Imagine a boat that travels at 3.0 m/s in still water. (a) In which direction should the boat point its bow to travel directly across a 0.50-km wide river when the river flows at 1.5 m/s? (b) What is the time interval for the trip, expressed in minutes?
This seems easy but I honestly have no idea how to do this. Please help.
Draw a vector diagram. Theta=arcsin(3/5). That will give the resulatant directly across.
time interval: speed across: 3*sinTheta
time= distance/speed= 500m/3sinTheta = ....seconds
a. Vr = Vb + Vc = Vb + (-1.5i) = 3.0 m/s = Resultant velocity.
Vb = 3 + 1.5i = 3.35m/s[26.6o]. N. of E.
b. d = V * T = 500 m.
3 * T = 500,
T = 166.667 s. = 2.78 min.
To answer this question, we need to understand the concept of vector addition. The boat's velocity can be broken down into two components: its velocity in still water and the velocity of the river. By vector addition, we can determine the resultant velocity of the boat relative to the riverbank.
(a) To find the direction the boat should point its bow, we need to determine the angle between the boat's path and the river's flow. Since the boat needs to travel directly across the river, we want the resultant velocity to be perpendicular to the river's flow.
Let's draw a diagram to visualize the problem:
```
----> |----->
Boat's Path |River's Flow
---->
Resultant Velocity
```
The boat's path and the river's flow are depicted as arrows, and we want the resultant velocity arrow to be perpendicular to the river's flow.
To find the angle between the river's flow and the boat's path, we can use trigonometry. Given that the boat's velocity in still water is 3.0 m/s and the river's flow velocity is 1.5 m/s, we have a right triangle with the following sides:
Opposite side: River's flow velocity = 1.5 m/s
Adjacent side: Boat's velocity in still water = 3.0 m/s
Using the formula tan(theta) = Opposite/Adjacent, we can solve for the angle theta:
tan(theta) = (1.5 m/s) / (3.0 m/s)
theta = tan^(-1)((1.5 m/s) / (3.0 m/s))
Calculating this on a calculator, we find that theta is approximately 26.56 degrees. Therefore, the boat should point its bow at an angle of 26.56 degrees upstream the river's flow to travel directly across the river.

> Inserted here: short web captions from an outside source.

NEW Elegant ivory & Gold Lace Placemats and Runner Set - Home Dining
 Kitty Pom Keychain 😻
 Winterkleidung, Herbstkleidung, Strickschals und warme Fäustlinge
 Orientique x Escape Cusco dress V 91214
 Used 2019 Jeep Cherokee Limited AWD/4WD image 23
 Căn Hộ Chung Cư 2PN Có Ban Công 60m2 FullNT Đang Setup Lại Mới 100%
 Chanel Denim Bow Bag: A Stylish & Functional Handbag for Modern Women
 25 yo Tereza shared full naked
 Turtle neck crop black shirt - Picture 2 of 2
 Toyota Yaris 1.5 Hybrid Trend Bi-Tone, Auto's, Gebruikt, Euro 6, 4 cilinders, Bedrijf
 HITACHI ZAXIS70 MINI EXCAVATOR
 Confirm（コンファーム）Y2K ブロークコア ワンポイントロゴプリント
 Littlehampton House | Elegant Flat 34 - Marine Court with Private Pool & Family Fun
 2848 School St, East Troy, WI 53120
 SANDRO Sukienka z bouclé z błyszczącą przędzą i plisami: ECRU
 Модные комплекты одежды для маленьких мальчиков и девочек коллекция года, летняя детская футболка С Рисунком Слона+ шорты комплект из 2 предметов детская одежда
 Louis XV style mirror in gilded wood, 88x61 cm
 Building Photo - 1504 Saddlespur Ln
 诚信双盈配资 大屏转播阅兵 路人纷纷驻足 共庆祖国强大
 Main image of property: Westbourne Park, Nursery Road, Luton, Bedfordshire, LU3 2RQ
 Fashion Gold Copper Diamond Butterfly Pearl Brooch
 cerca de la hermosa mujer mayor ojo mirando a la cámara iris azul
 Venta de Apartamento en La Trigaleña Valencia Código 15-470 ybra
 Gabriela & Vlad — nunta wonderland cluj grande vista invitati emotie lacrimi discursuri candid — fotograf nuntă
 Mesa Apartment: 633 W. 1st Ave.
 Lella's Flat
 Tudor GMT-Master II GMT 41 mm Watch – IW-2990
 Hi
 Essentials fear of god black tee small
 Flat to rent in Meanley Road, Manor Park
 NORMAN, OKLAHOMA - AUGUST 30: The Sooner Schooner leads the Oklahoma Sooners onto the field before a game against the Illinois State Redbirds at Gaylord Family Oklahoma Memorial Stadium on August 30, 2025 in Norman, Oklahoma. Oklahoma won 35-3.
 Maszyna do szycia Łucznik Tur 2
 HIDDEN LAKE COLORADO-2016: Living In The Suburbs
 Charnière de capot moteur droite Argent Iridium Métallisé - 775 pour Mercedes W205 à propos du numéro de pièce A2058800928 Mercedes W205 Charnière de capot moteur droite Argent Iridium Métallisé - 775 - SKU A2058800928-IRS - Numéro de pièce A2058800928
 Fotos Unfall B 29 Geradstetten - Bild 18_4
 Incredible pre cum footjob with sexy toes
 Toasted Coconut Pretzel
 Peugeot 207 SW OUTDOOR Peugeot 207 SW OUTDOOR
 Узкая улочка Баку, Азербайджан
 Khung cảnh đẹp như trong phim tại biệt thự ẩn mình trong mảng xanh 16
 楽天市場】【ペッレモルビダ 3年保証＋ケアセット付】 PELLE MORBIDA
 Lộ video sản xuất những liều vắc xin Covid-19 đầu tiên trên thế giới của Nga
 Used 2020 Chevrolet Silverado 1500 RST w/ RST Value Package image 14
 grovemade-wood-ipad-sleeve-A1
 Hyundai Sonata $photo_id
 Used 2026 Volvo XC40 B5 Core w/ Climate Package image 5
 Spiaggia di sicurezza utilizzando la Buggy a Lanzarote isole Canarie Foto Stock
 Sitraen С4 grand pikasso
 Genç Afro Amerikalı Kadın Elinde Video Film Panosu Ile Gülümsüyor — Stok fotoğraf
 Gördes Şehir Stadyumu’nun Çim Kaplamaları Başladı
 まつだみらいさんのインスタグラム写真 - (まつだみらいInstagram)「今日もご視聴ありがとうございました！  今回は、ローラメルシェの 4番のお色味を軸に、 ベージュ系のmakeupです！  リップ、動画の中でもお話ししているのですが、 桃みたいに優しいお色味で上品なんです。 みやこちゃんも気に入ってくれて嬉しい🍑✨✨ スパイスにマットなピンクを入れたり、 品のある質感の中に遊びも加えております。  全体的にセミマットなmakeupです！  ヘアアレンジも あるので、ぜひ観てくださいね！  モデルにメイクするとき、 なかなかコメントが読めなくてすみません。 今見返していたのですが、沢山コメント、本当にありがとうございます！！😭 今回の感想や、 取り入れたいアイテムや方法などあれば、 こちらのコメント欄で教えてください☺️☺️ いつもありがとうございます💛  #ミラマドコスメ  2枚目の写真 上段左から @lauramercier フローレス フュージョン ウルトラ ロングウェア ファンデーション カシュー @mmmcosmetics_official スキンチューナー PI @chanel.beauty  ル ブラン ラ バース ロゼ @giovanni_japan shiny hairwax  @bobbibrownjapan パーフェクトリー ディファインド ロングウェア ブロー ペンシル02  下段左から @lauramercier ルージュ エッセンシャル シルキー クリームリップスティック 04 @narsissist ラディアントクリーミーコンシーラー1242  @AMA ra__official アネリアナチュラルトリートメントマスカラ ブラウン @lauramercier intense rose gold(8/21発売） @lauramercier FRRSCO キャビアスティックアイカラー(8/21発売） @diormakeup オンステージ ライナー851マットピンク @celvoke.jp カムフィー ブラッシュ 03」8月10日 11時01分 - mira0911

(b) Now, let's determine the time interval for the trip, expressed in minutes. To do this, we need to calculate the boat's speed relative to the riverbank by finding the magnitude of the resultant velocity.
Using the Pythagorean theorem, we can find the magnitude of the resultant velocity:
Resultant velocity = sqrt((3.0 m/s)^2 + (1.5 m/s)^2)
Calculating this, we find that the magnitude of the resultant velocity is approximately 3.32 m/s.
Next, we need to calculate the time it takes for the boat to cross the 0.50-km wide river. Since distance = speed x time, we can rearrange the formula to solve for time:
Time = Distance / Speed
Time = (0.50 km) / (3.32 m/s)
To convert kilometers into meters, we need to multiply by 1000:
Time = (0.50 km * 1000 m/km) / (3.32 m/s)
Calculating this, we find that the time interval for the trip is approximately 150.6 seconds.
Finally, to express the time interval in minutes, we divide by 60:
Time = 150.6 seconds / 60 seconds/minute
Calculating this, we find that the time interval is approximately 2.51 minutes.
Therefore, the boat should point its bow at an angle of 26.56 degrees upstream, and the time interval for the trip is approximately 2.51 minutes.